Prima di dare un giudizio etico, bisogna seguire bene la discussione parlamentare. Sunak afferma che l’Inghilterra non può permettersi di dare asilo a masse di profughi che aspirano a diventare “lavoratori” senza possedere alcuna qualifica professionale. La fase di “riconversione” richiede corsi di aggiornamento di persone che non hanno alcuna “competenza tecnica” alle spalle, in un periodo di vacche magre e di disoccupazione.
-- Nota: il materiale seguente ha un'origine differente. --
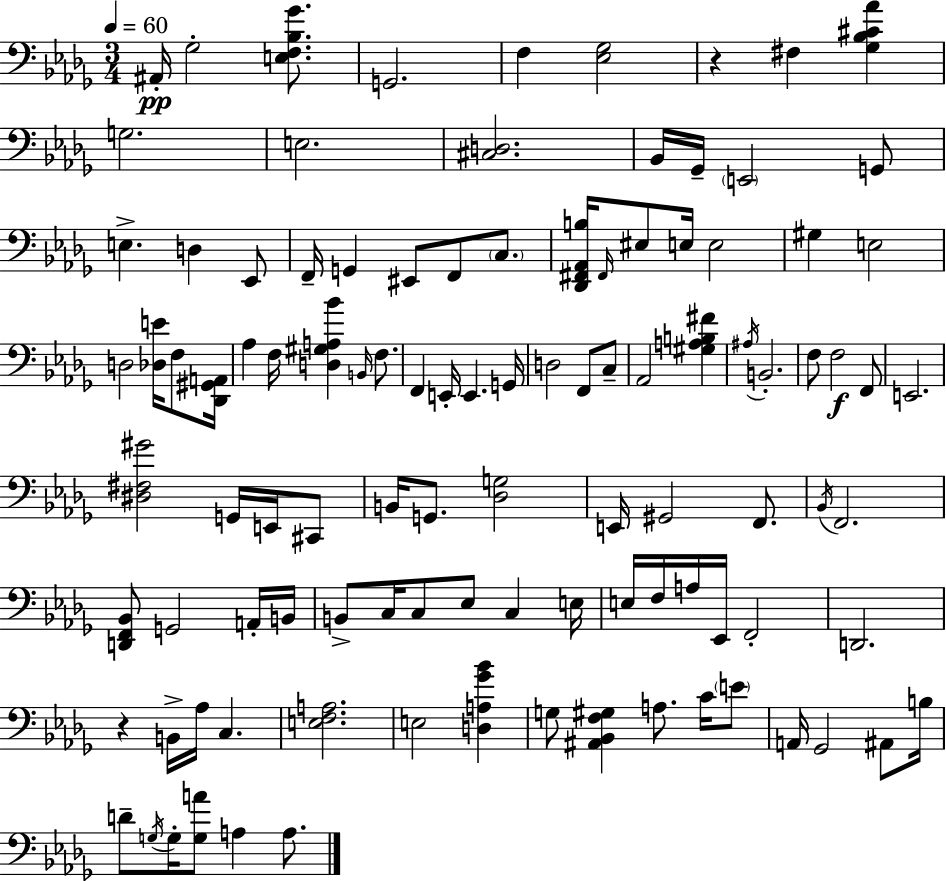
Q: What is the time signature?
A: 3/4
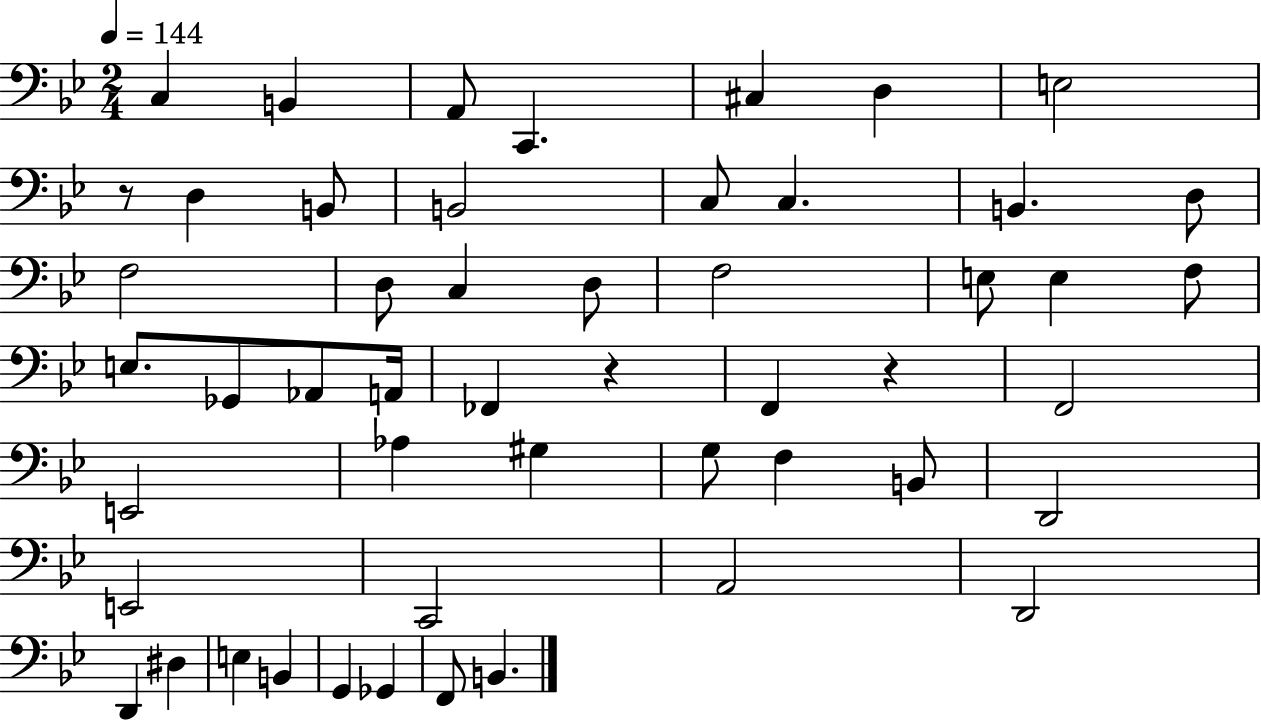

Meglio scoraggiare questi esodi anche nell’interesse degli immigrati che sarebbero in gran parte destinati alla carità pubblica, alla delinquenza comune o a bande armate a sfondo etnico-religioso. Sunak non vuole creare un lager in Ruanda, ma un centro di “formazione” che fornisca le basi minime di professionalità per un avviamento al lavoro (anzitutto la lingua), tenuto conto delle esigenze effettive delle imprese inglesi.

Un’operazione del genere viene raccomandata in Libia e negli altri paesi del nord Africa, magari ad iniziativa della Comunità europea o dell’Onu. Se di questo si dovesse trattare, credo che la legge (analoga, per certi versi, al centro di raccolta in Albania voluto dalla Meloni) debba essere valutata in modo pragmatico.

Possibili rimedi.

Mi permetto di proporre alcuni rimedi per attenuare lo stress da perdita del lavoro e contenere la chiusura delle aziende. 

Il Governo francese ha organizzato un fondo di investimento insieme con Alstom, Bombardier, SNCF, RATP che può rilevare quote di minoranza delle PMI con potenzialità di sviluppo, per supportarle nella crescita internazionale. Perchè non si muovono la Cassa Depositi e Prestiti, l’Eni e la Leonardo? 

Se è vero che i manager devono retribuire anzitutto gli azionisti, nulla vieterebbe che una parte degli utili conseguiti siano destinati ad un fondo speciale a favore dei lavoratori licenziati dalle aziende che si ristrutturano. Ed è possibile pensare che le aziende beneficiarie di fondi pubblici, le quali chiudono lo stabilimento, debbano pagare indennità una tantum ai licenziati per integrare i sussidi già previsti a carico dello Stato.

Infine, in sintonia a quanto aveva proposto l’americano Butler, si potrebbe consentire ai lavoratori rimasti disoccupati di pagare imposte a carattere forfettario per l’attività di lavoro autonomo da essi svolta, al fine di sopperire ai mancati guadagni da lavoro dipendente.